Because a diesel engine relies on compression heat to ignite the fuel, a cold
engine can rob enough heat from the gasses that the compressed air falls
below the ignition temperature of the fuel. To help overcome this condition,
some engines (usually small to medium sized engines) have glow plugs.
Glow plugs are located in the cylinder head of the combustion chamber and
use electricity to heat up the electrode at the top of the glow plug. The heat
added by the glow plug is sufficient to help ignite the fuel in the cold
engine. Once the engine is running, the glow plugs are turned off and the
heat of combustion is sufficient to heat the block and keep the engine
running. Larger engines usually heat the block and/or have powerful starting
motors that are able to spin the engine long enough to allow the
compression heat to fire the engine. Some large engines use air start
manifolds that inject compressed air into the cylinders which rotates the
engine during the start sequence.
4.3 FUEL INJECTION SYSTEM
Fuel injection is a system for mixing fuel with air in an internal combustion engine. A
fuel injection system is designed and calibrated specifically for the type of fuel it will
handle. Most fuel injection systems are for diesel applications. With the advent of
electronic fuel injection (EFI), the diesel gasoline hardware has become similar. EFI’s
programmable firmware has permitted common hardware to be used with different fuels.
Carburetors were the predominant method used to meter fuel before the widespread use
of fuel injection. A variety of injection systems have existed since the earliest usage of
the internal combustion engine.
The primary difference between carburetors and fuel injection is that fuel injection
atomizes the fuel by forcibly pumping it through a small nozzle under high pressure,
while a carburetor relies on low pressure created by intake air rushing through it to add
the fuel to the air stream.
The fuel injector is only a nozzle and a valve: the power to inject the fuel comes from a
pump or a pressure container farther back in the fuel supply.
Objectives
The functional objectives for fuel injection systems can vary. All share the central
task of supplying fuel to the combustion process, but it is a design decision how a
particular system will be optimized. There are several competing objectives such
as :
power output,
fuel efficiency,
emissions performance,
reliability,
smooth operation,
initial cost,
maintenance cost,
diagnostic capability, and
range of environmental operation.
Certain combinations of these goals are conflicting, and it is impractical for a
single engine control system to fully optimize all criteria simultaneously. In
practice, automotive engineers strive to best satisfy a customer's needs
competitively. The modern digital electronic fuel injection system is far more
capable at optimizing these competing objectives consistently than a carburetor.
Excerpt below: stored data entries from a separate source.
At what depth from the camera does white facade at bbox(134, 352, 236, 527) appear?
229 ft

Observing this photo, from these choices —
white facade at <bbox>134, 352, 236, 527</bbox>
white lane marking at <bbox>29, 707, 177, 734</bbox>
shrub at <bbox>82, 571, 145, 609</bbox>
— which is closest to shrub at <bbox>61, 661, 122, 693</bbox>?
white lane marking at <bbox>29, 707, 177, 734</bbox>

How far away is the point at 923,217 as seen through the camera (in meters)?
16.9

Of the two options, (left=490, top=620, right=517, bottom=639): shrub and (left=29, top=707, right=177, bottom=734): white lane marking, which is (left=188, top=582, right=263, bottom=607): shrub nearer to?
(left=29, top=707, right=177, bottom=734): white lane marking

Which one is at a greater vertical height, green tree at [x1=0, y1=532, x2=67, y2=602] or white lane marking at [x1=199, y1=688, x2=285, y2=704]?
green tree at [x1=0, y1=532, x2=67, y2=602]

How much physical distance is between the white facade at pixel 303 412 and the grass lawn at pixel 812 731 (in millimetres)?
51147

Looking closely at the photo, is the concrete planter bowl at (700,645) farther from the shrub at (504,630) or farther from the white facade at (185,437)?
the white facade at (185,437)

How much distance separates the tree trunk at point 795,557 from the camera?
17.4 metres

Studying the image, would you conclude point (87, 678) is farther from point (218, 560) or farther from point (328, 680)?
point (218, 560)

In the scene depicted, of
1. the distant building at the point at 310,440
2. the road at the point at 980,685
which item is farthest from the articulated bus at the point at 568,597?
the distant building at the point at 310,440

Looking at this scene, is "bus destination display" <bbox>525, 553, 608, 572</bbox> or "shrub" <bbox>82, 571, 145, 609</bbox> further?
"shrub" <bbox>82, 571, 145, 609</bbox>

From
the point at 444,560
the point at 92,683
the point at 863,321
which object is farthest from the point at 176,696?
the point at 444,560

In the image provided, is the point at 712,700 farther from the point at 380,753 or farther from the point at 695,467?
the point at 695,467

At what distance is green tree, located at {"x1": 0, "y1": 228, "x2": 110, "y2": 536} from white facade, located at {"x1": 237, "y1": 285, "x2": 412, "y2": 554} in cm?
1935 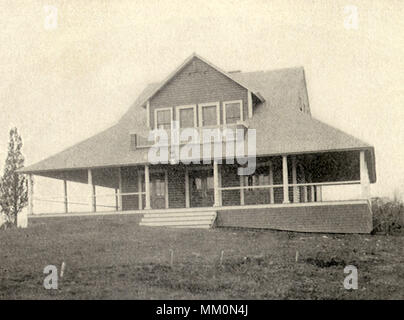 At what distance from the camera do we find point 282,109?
96.1 ft

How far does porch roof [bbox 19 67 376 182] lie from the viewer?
2620 cm

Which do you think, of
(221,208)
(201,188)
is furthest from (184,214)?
(201,188)

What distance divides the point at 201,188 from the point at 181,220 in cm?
420

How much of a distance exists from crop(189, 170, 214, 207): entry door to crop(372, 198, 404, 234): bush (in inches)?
288

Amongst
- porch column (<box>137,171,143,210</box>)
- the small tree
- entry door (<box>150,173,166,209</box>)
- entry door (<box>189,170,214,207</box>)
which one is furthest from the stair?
the small tree

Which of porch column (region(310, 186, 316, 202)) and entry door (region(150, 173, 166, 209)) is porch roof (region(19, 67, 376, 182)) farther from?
porch column (region(310, 186, 316, 202))

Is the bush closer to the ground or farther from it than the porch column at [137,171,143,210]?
closer to the ground

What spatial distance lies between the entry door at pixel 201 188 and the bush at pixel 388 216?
732cm

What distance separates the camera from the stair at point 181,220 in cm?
2583

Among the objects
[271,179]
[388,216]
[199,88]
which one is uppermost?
[199,88]

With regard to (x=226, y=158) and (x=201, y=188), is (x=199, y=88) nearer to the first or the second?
(x=226, y=158)

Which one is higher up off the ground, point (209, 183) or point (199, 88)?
point (199, 88)

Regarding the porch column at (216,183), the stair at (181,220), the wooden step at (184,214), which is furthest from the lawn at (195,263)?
the porch column at (216,183)

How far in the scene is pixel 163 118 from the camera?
2967 cm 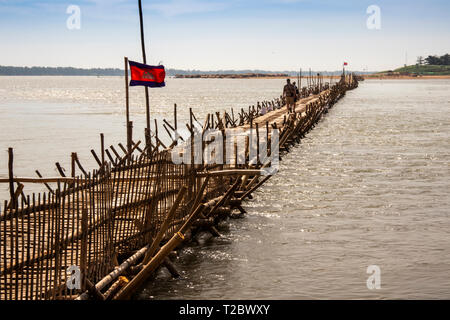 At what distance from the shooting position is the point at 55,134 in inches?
1652

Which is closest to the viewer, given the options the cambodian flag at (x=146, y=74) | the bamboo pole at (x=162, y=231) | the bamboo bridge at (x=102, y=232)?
the bamboo bridge at (x=102, y=232)

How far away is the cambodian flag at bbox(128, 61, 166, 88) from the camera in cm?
1698

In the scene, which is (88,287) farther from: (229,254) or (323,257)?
(323,257)

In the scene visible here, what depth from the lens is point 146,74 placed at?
17.4 metres

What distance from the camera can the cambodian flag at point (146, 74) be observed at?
55.7 feet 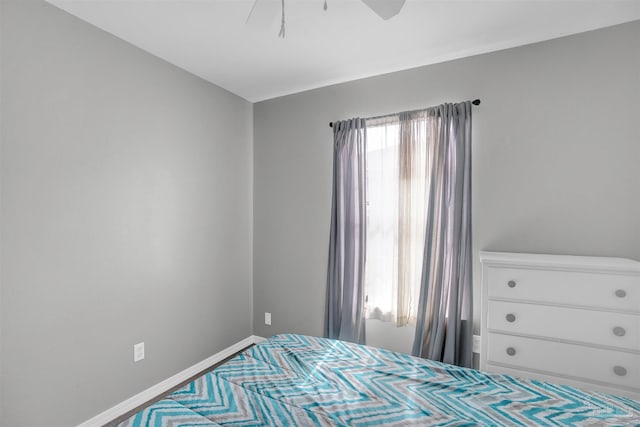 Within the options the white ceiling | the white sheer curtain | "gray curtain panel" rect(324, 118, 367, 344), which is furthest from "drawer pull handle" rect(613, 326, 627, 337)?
the white ceiling

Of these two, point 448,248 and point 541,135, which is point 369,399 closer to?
point 448,248

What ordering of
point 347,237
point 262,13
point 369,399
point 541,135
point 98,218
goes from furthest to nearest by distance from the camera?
point 347,237 → point 541,135 → point 98,218 → point 262,13 → point 369,399

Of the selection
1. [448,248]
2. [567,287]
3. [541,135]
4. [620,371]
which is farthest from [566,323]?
[541,135]

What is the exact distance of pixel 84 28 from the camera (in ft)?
6.77

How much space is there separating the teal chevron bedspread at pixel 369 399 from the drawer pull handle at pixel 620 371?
2.00 ft

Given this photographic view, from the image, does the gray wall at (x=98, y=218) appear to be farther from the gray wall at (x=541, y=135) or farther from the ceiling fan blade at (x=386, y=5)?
the ceiling fan blade at (x=386, y=5)

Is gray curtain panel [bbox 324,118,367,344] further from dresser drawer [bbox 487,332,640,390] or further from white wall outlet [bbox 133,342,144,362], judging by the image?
white wall outlet [bbox 133,342,144,362]

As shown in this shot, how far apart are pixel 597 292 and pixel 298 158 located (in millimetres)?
2456

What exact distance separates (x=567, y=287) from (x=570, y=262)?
0.47 ft

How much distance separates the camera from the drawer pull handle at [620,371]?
1.75m

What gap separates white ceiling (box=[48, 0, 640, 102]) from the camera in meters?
1.94

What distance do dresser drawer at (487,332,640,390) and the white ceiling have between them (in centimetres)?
200

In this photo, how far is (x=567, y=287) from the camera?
186 centimetres

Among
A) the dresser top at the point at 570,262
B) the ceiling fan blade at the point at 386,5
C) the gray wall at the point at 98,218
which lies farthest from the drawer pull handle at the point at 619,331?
the gray wall at the point at 98,218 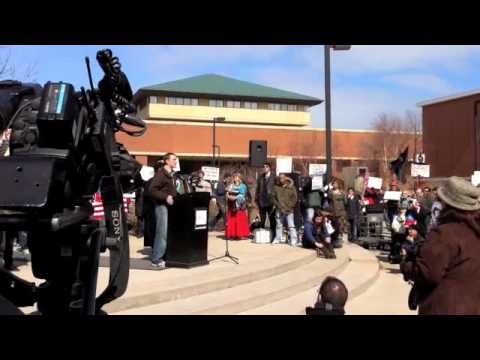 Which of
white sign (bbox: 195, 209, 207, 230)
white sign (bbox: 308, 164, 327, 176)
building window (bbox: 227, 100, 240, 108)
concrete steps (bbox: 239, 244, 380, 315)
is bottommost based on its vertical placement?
concrete steps (bbox: 239, 244, 380, 315)

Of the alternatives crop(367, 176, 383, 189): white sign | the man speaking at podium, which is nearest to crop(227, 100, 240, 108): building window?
crop(367, 176, 383, 189): white sign

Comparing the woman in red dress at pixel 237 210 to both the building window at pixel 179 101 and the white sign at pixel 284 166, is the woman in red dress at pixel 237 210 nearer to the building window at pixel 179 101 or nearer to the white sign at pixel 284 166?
the white sign at pixel 284 166

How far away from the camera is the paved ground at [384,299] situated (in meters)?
7.58

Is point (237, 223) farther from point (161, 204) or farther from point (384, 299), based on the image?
point (384, 299)

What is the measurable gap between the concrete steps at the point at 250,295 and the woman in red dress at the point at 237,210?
11.0ft

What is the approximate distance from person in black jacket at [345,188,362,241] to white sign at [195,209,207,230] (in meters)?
8.03

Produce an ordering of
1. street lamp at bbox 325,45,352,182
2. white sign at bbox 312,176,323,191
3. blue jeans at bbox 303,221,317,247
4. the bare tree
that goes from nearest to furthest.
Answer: blue jeans at bbox 303,221,317,247, white sign at bbox 312,176,323,191, street lamp at bbox 325,45,352,182, the bare tree

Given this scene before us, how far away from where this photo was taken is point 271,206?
13.1 metres

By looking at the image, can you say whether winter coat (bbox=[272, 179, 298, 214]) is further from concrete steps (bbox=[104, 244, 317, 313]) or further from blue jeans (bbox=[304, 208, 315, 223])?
concrete steps (bbox=[104, 244, 317, 313])

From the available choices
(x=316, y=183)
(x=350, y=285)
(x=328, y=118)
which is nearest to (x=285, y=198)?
(x=316, y=183)

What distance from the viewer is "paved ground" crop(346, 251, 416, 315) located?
758 cm

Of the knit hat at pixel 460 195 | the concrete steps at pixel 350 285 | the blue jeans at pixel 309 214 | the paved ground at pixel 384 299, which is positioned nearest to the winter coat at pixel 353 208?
the concrete steps at pixel 350 285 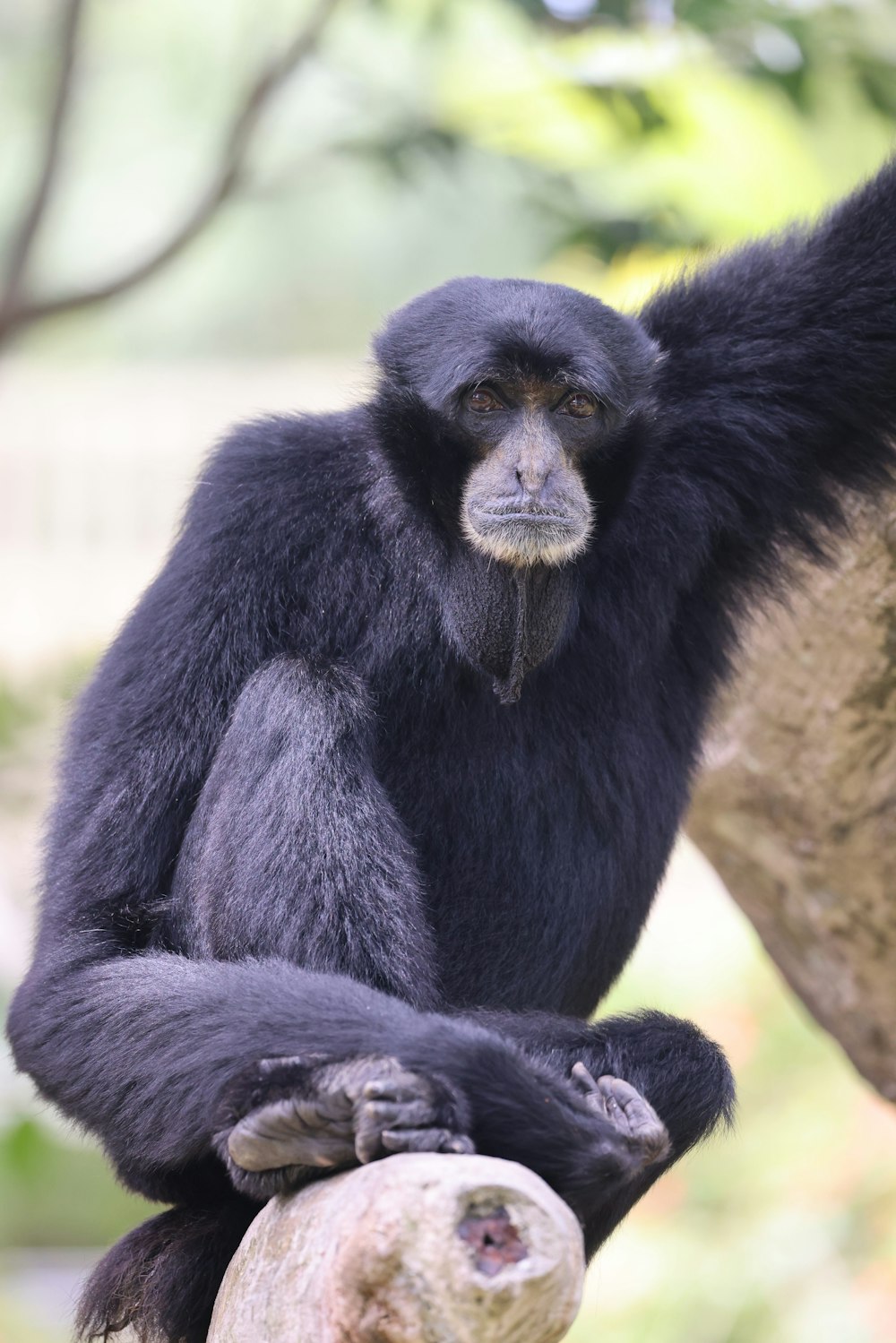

Carburetors have the potential to atomize fuel better.
Benefits
Operational benefits include smoother and more dependable engine response
during quick throttle transitions, easier and more dependable engine starting,
better operation at extremely high or low ambient temperatures, increased
maintenance intervals, and increased fuel efficiency. On a more basic level, fuel
injection does away with the choke which on carburetor-equipped systems must be
operated when starting the engine from cold and then adjusted as the engine
warms up.
An engine’s air/fuel ratio must be precisely controlled under all operating
conditions to achieve the desired engine performance, emissions, and fuel
economy. Modern electronic fuel-injection systems meter fuel very accurately,
and use closed loop fuel-injection quantity-control based on a variety of feedback
signals from an oxygen sensor, a mass airflow (MAF) or manifold absolute
pressure (MAP) sensor, a throttle position (TPS), and at least one sensor on the
crankshaft and camshaft to monitor the engine's rotational position. Fuel injection
systems can react rapidly to changing inputs and control the amount of fuel
injected to match the engine's dynamic needs across a wide range of operating
conditions such as engine load, ambient air temperature, engine temperature, fuel
octane level, and atmospheric pressure.
A multipoint fuel injection system generally delivers a more accurate and equal
mass of fuel to each cylinder, thus improving the cylinder-to-cylinder distribution.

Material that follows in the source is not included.